La lavoratrice, dipendente di un Patronato adibita alla sede di Caserta, riceve, durante il periodo di astensione facoltativa per maternità, un provvedimento di trasferimento alla sede di Avellino con efficacia immediata.
La medesima contesta la legittimità del provvedimento, sostenendo il difetto delle ragioni tecniche ed organizzative, nonché l'incompatibilità del mutamento logistico con le sue condizioni di famiglia ed al rientro in servizio si reca presso la sede di Caserta, ove, tuttavia, la sua prestazione lavorativa viene rifiutata, stante l’adibizione alla nuova sede di Avellino.
A seguito di ciò parte datoriale, dapprima, invia alla dipendente una contestazione disciplinare per assenza ingiustificata per poi licenziare la stessa.

L’ordinanza

La Cassazione, confermando la statuizione della Corte d’Appello, afferma che, in tema di provvedimento di trasferimento adottato in violazione dell'art. 2103 c.c., l'inadempimento datoriale non legittima in via automatica il rifiuto del lavoratore ad eseguire la prestazione lavorativa.
Vertendosi, infatti, in ipotesi di contratto a prestazioni corrispettive, trova applicazione il disposto dell'art. 1460, 2° comma, c.c., secondo cui la parte adempiente può rifiutarsi di eseguire la prestazione a proprio carico solo ove tale rifiuto, avuto riguardo alle circostanze, non risulti contrario a buona fede.
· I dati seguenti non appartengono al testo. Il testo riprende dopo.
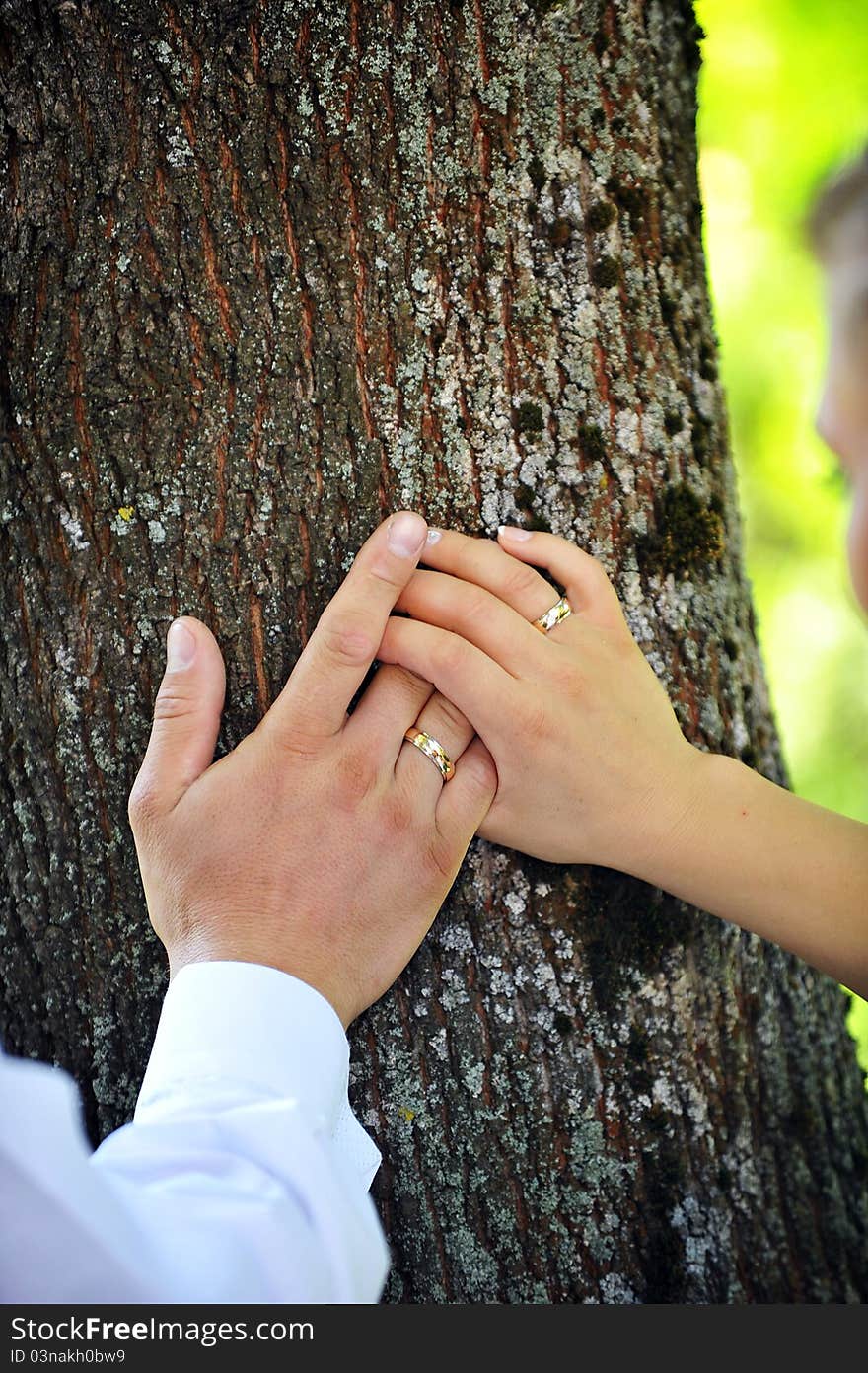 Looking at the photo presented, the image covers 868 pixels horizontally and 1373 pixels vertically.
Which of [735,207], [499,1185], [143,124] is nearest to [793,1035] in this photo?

A giudizio della Corte, quindi, nei contratti con prestazioni corrispettive, in caso di denuncia di inadempienze reciproche, è necessario dar luogo ad un giudizio di comparazione in ordine al comportamento di ambedue le parti per stabilire quale di esse, con riferimento ai rispettivi interessi ed alla oggettiva entità degli inadempimenti, si sia resa responsabile delle trasgressioni maggiormente rilevanti e causa del comportamento della controparte, nonché della conseguente alterazione del sinallagma.

Alla luce di quanto sopra, secondo i Giudici di legittimità, l’inadempimento di parte datoriale non legittima in via automatica il rifiuto del prestatore ad eseguire la prestazione lavorativa, potendo egli, per tutelare la propria posizione, ricorrere alla misura dell’impugnazione giudiziale del trasferimento.

Su tali presupposti, la Suprema Corte ha respinto il ricorso proposto dalla lavoratrice, legittimando il licenziamento irrogatole.